Before we begin, please complete Lab: DPC++ on Intel DevCloud. We will use this code as your baseline architecture.

3) Tasks and Questions

Optimize Load Transfers

As discussed in the lab, the load store unit (LSU) in the baseline implementation requires hundreds of cycles and is the major bottleneck in the c_calc kernel. DPC++ uses a Burst/Coalesced LSU by default. Burst/Coalesced buffers contiguous memory requests until it reaches the maximum burst size. Change the LSU type to lower the latency for the load operations. At this link, you can find examples of LSU types being used in code.

  • Modify the LD operation to a different LSU style to achieve a lower latency. This should bring the c_calc.B2 latency to less than 25 cycles.
  • Question 1: Describe your modification and discuss why it achieves a lower latency.

References:

Loop Unrolling

Loop unrolling is a common optimization to expose parallelism across iterations of a loop.

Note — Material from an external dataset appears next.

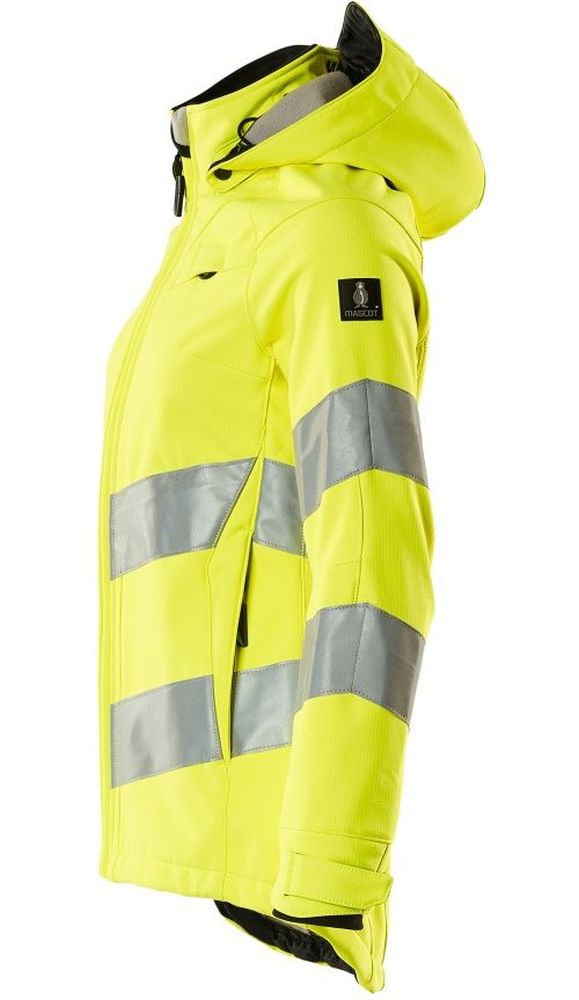 MascotDamenSoftshellJackeSafeSupreme18512-246Hi-visGelb-XXL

  • Perform loop unrolling using #pragma unroll. Change the unroll factor by 2, 4, and 8. You will need to change the widths and heights of the matrices to be powers of two; the default values are multiples of 150, which are not cleanly divisible by every unroll factor stated. Mention the matrix sizes in your report.
  • Question 2: What are the effects and general trends of performing unrolling using the pragma? Are the results as expected?

Manually unroll the loop by replicating the reductions into separate variables.

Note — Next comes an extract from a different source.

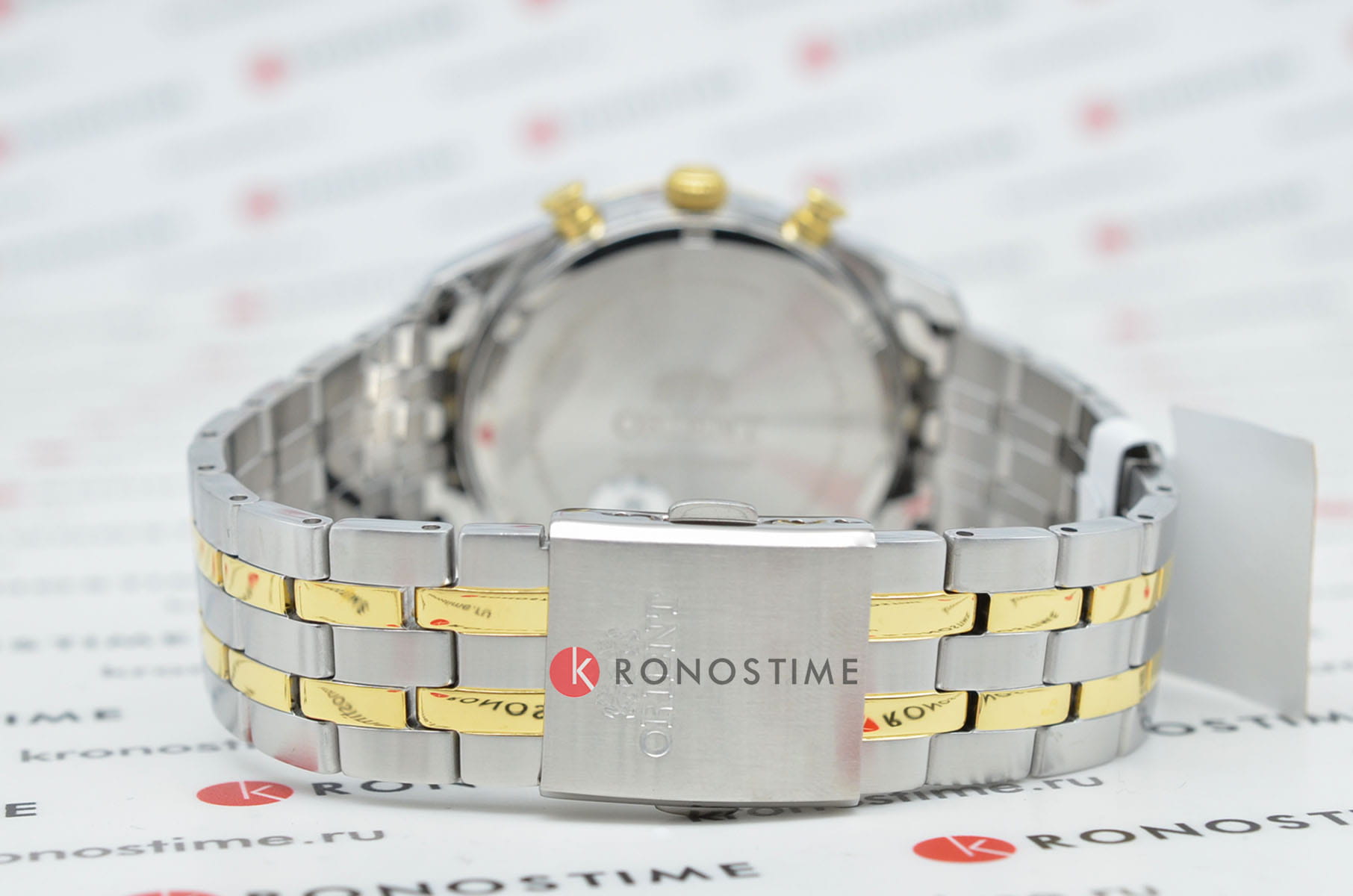 Orient Orient Chronograph RA-TX0302S (RN-TX0302S) кварцевые мужские часы часы крупный план синий циферблата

  • Perform loop unrolling manually. Change the unroll factor by 2, 4, and 8. You will need to use the same change as in the previous question.
  • Question 3: What are the effects and general trends of performing manual unrolling? Are the results as expected?

References:

4) Block Matrix Multiplication (BMM)

Block matrix multiplication is a common way to expose parallelism by loading and operating on blocks of the A and B matrices. Here is a BMM implementation in DPC++ BMM_DPCPP.zip. It is based on this OpenCL implementation, which provides good background on blocking and how the design leverages it for parallel execution. This is different from the implementation you were using earlier; this implementation has the additional ability to change the block size and unrolling factor. We call these “knobs” since they can be changed to “tune” the design to the problem at hand. You can upload the zip file to DevCloud using the Jupyter interface and unzip it via the Jupyter terminal.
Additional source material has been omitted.